If the chance of vision is good, lens removal surgery (called lensectomy) is performed. One of two procedures is performed to remove a lens. Phacoemulsification is a procedure, which uses high frequency ultrasonic waves emitted from the tip of a small probe to break the solid lens into a liquid that can be vacuumed out of the eye through a 2.5mm incision. This method can only be used if the lens capsule (the sac the lens is inside) is still partially attached to the inside of the eye. If the lens capsule is too loose or completely detached, the entire structure is removed in one piece. This requires a much larger incision – about half the diameter of the cornea. If, however, irreversible damage has been caused and the eye will not be visual again, then one of two surgeries can be performed:
- Enucleation – the eye is removed, an infraorbital implant is placed and the lids are sewn shut.
- Silicone implant (Intrascleral Prosthesis)– the contents of the inside of the eyeball are removed, leaving the cornea and sclera (the white of the eye and the clear part at the front), and a silicone ball is placed inside. The shape of the eye is maintained and the eye moves normally. This procedure is for cosmetic purposes only. The clear cornea usually turns a hazy bluish color with time.

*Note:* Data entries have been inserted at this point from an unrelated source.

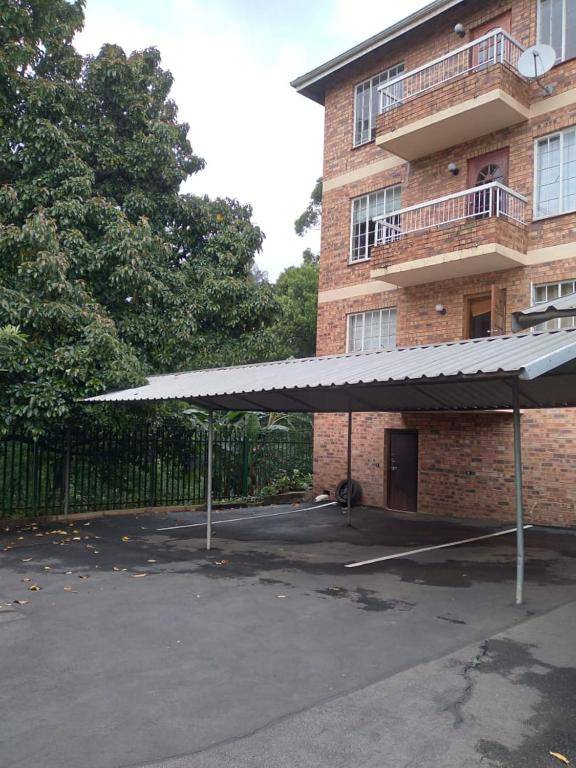 ALL SAINTS ON ROBERTS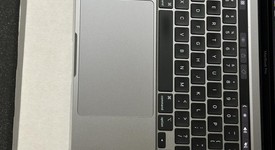 Fair
													MacBook Pro 2022 - 13" - Apple M2, Gray, 512 GB, 8 GB, photo 2 of 11
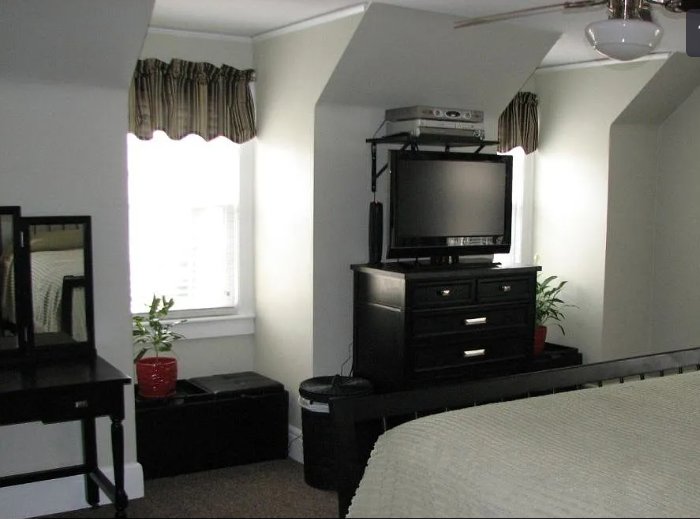 6039 Eastwood Ter - Photo 4 of 15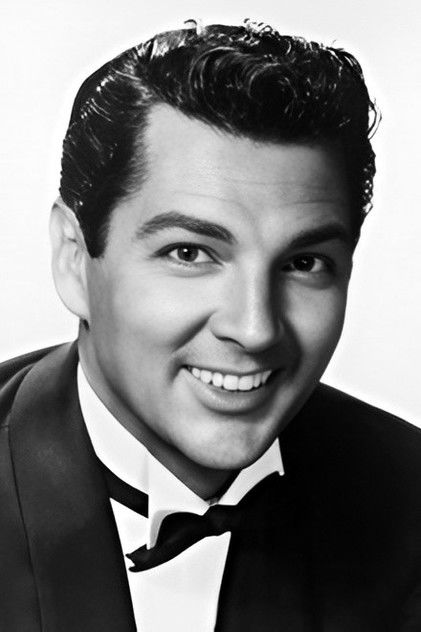 Подборка фильмов с Байрон Палмер online на Emblix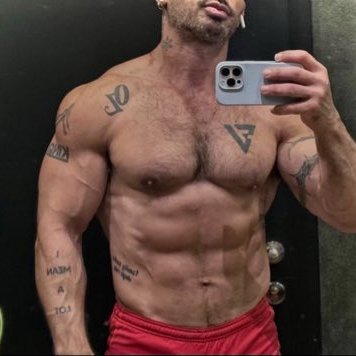 RAVE781138's profile picture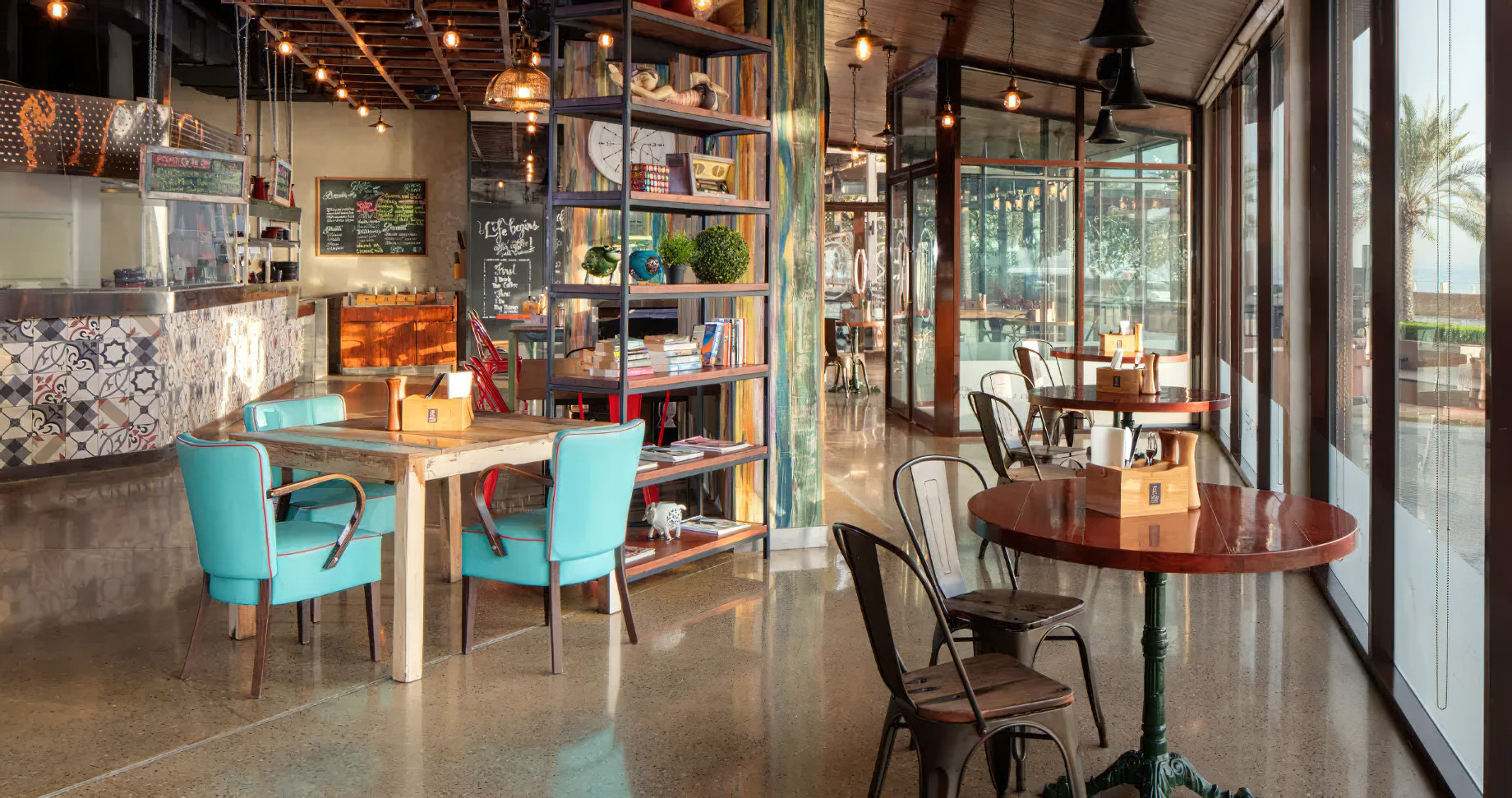 Anantara The Palm Dubai Resort - Dubai, UAE - Revo Cafe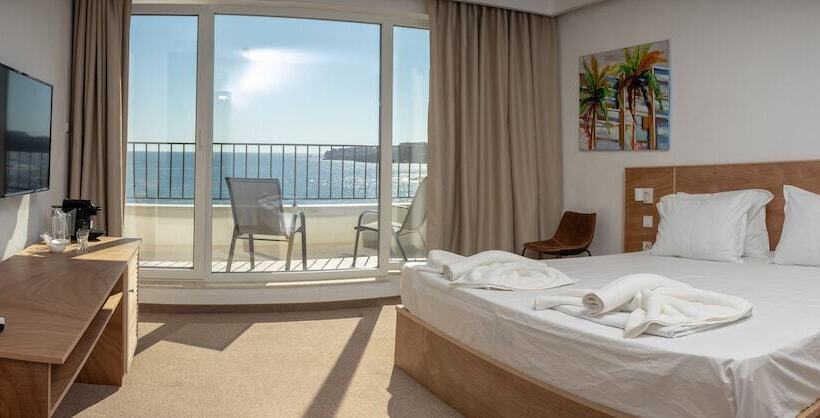 1 Bedroom Apartment Sea View, Ji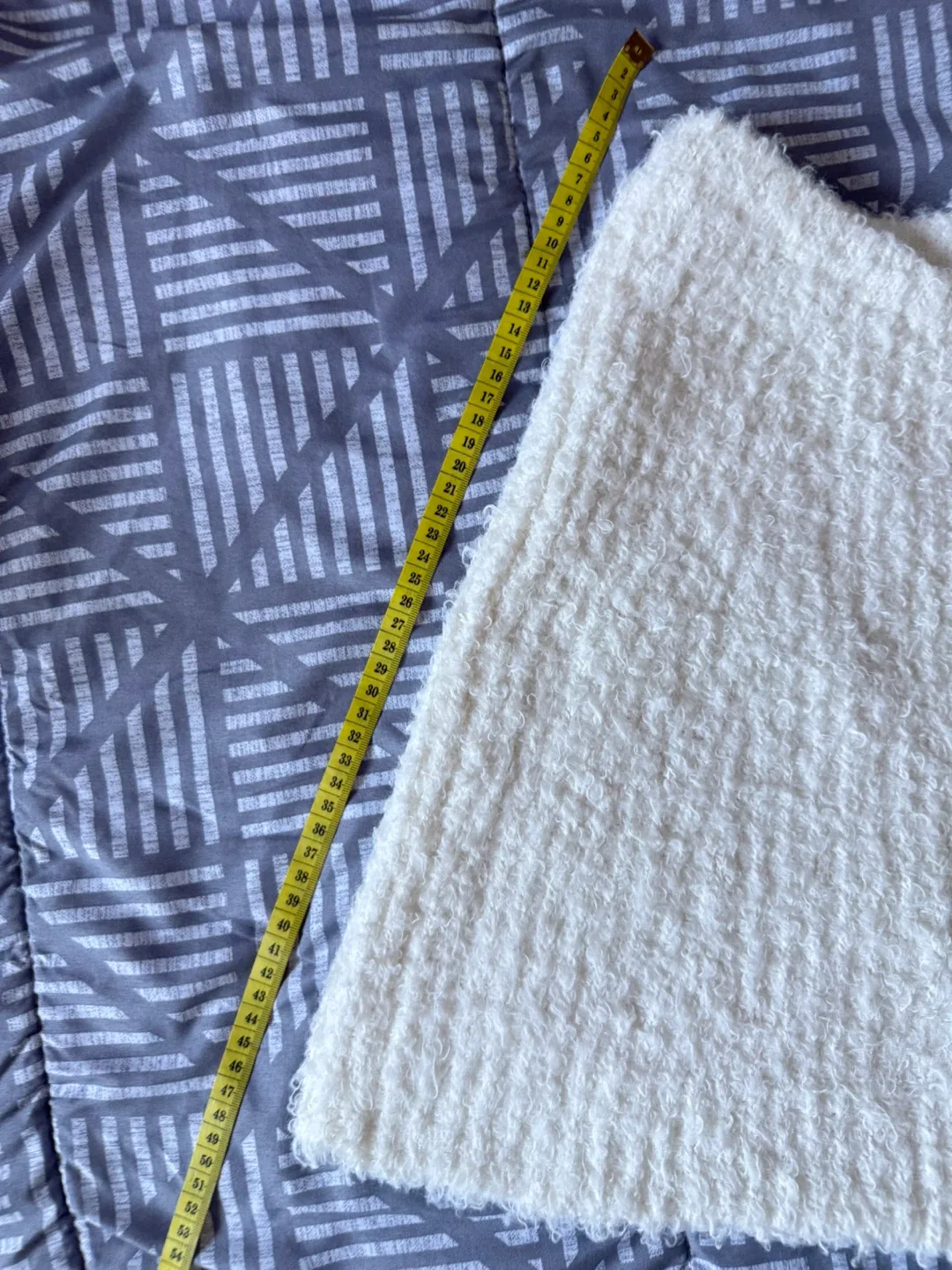 H&M Divided White Sweater - Size L image indicator(2)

WHAT ABOUT A SUBLUXATED LENS? Treatment for lenses that are subluxated depends on whether the pressure inside the eye is normal or elevated. If the pressure is normal, then ophthalmic drops might be used to ensure that the pressure remains normal. In this situation, frequent re-examinations are performed over time to assess whether the lens is becoming looser or is staying in place.
WHAT ABOUT THE OTHER EYE? The other eye is susceptible to partial if not complete lens luxation or dislocation at any time in your pet’s life. This can occur suddenly, without warning. During the initial examination, the opposite eye will be checked to ascertain if the zonules are intact. If the lens appears normal, regular exams should be performed to monitor its position. Even if there is a subluxation no medication or surgery will prevent the eventual dislocation of the lens. Intraocular pressure (IOP) will be monitored to ascertain if there is the potential for glaucoma in that eye. Medications may be prescribed to constrict the pupil in case there is a subluxation. Eventual removal of the lens from the subluxated eye is needed.
WHAT WILL I NEED TO DO AFTER SURGERY?
- Keep the elizabethan collar on at all times (even at night). The stitches in the eye are very fine and can easily be damaged by a rubbing paw.
- Restrict exercise to an absolute minimum. Your pet should be kept very quiet.
- Administer the medications at the appropriate times.
- When using eye drops, be sure to hold the lids open and the nose pointed towards the ceiling so the medication is placed directly onto the eyeball. Wait 10 minutes between different drops so as not to flush out the previous medication before it has been absorbed. If you are required to use drops and ointment, use the ointment last as it is thick and forms a barrier, preventing any following drops from being absorbed.
Gently wipe away any discharge from the eye with a clean, moist Kleenex or face cloth.